Hi guys,
Just wondering if there is any tips on improving search times (full-text).
How do large sites like stackoverflow, reddit, etc, implement their search functions?
(Sorry for the vagueness - i am a newbie)
Hi guys,
Just wondering if there is any tips on improving search times (full-text).
How do large sites like stackoverflow, reddit, etc, implement their search functions?
(Sorry for the vagueness - i am a newbie)
Have a read of the MySQL Guide to Fine-Tuning Full-Text Search. It describes many techniques the engine can use to make searches faster or more exhaustive.
Oh wow, there are entire courses and papers written on this...

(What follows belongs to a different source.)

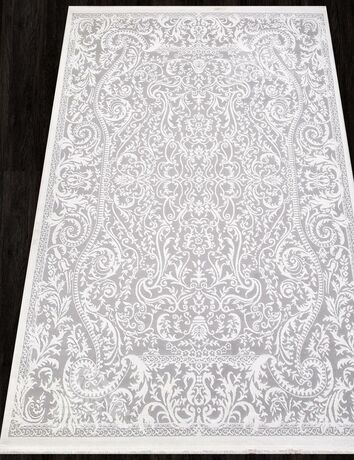 Ковер MODA дизайн A0077 K.GRI COKME / K.GRI COKME, прямоугольник 1.55x3.00, фото , изображение 2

Firstly, if you're storing in a database, there are indexes and different joins and views and all sorts of fun for speeding up your queries.

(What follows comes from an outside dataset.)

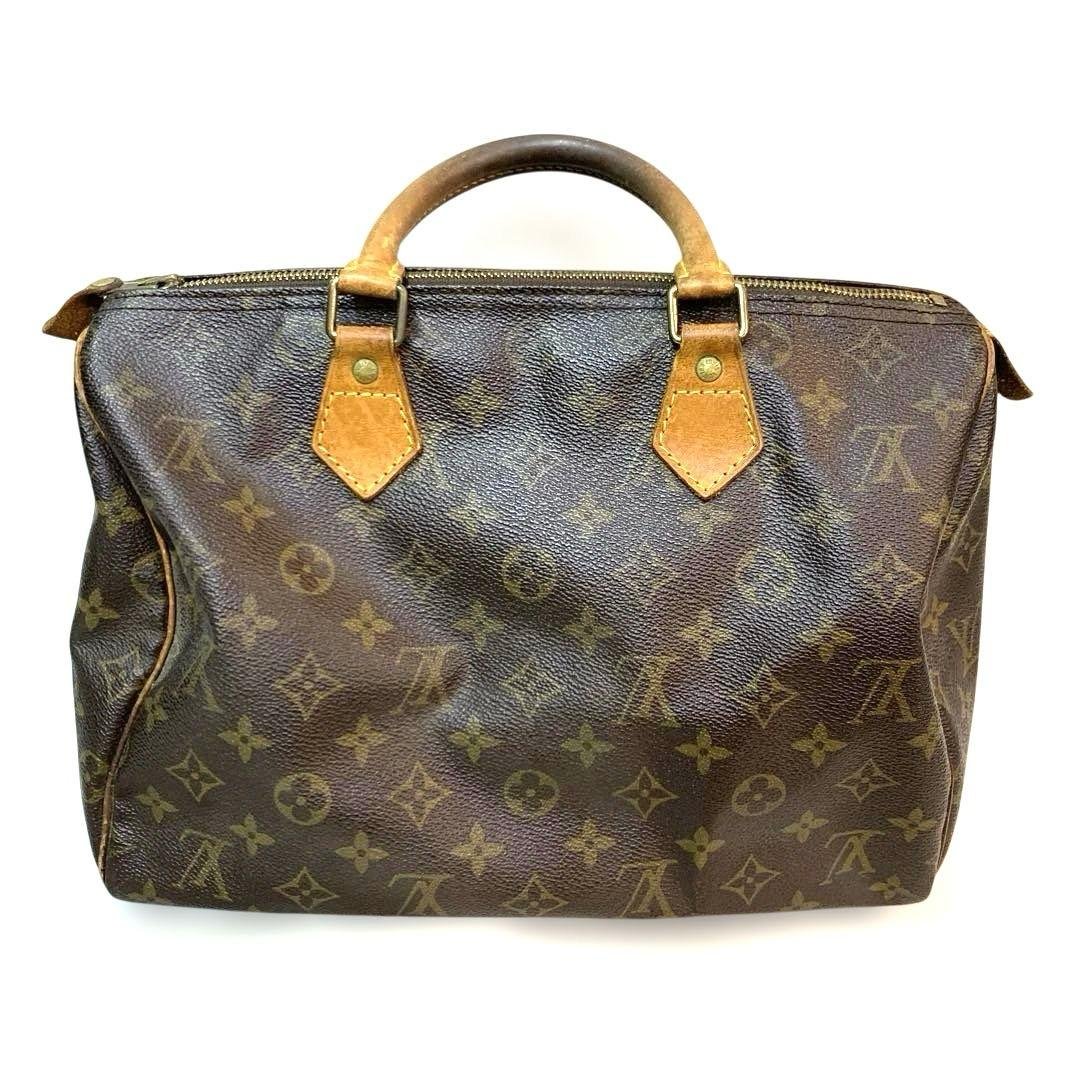 ルイヴィトン　スピーディ30 ボストンバッグ LOUIS VUITTON（ルイ・ヴィトン） スピーディ30 ボストンバッグ 手提げ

However you've specified full text search, so I'll direct you to this page which has a comparison of the most common techniques. Now this is for arrays, but will give you an understanding of how splitting or searching can be improved or varied.
Next, take a read of this Wikipedia article on string searching. There are the naive search where you just look, or ones where you create an index first, so that future searches let you jump - like chapters or page numbers in a book of text.

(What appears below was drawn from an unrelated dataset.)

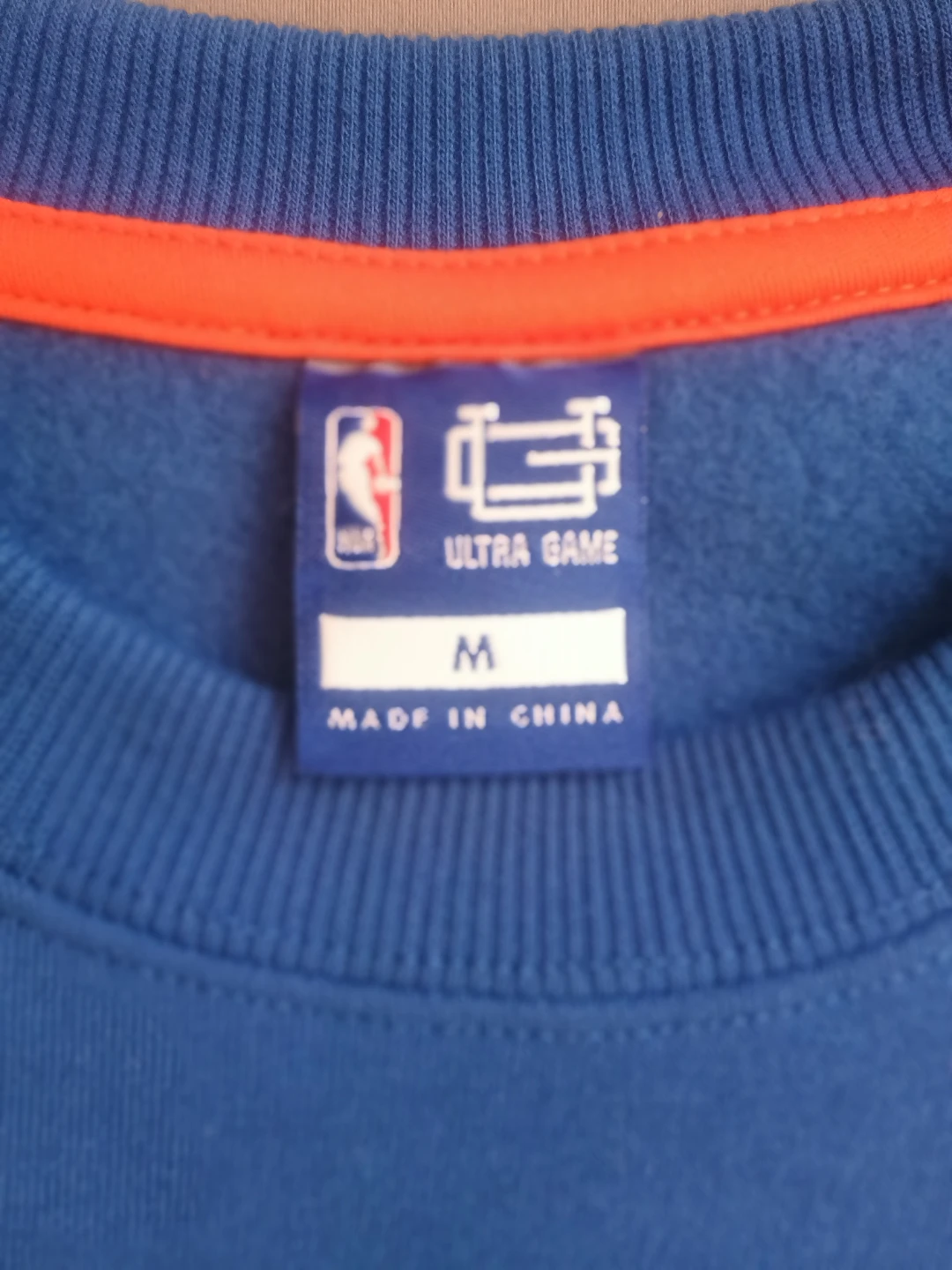 New York Knicks sweater - photo 3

The index or pattern storage techniques are also very useful in compression, and that's yet another way to help speed up searching - if you build the compressed string, you can be clever and jump to the compressed section, extract and compare, depending on whether you have a limited number of patterns that you are searching for, or whether you have anything-goes.
Then there's fuzzy searching as well, where you don't get an exact match - you may do this on some 'closeness' score - like a percentage of character matches.
Hopefully that gives you a good starting point at least!
Apache Lucene is the canonical open source full text indexing engine. I'd start there if I needed to build a search feature for a web site.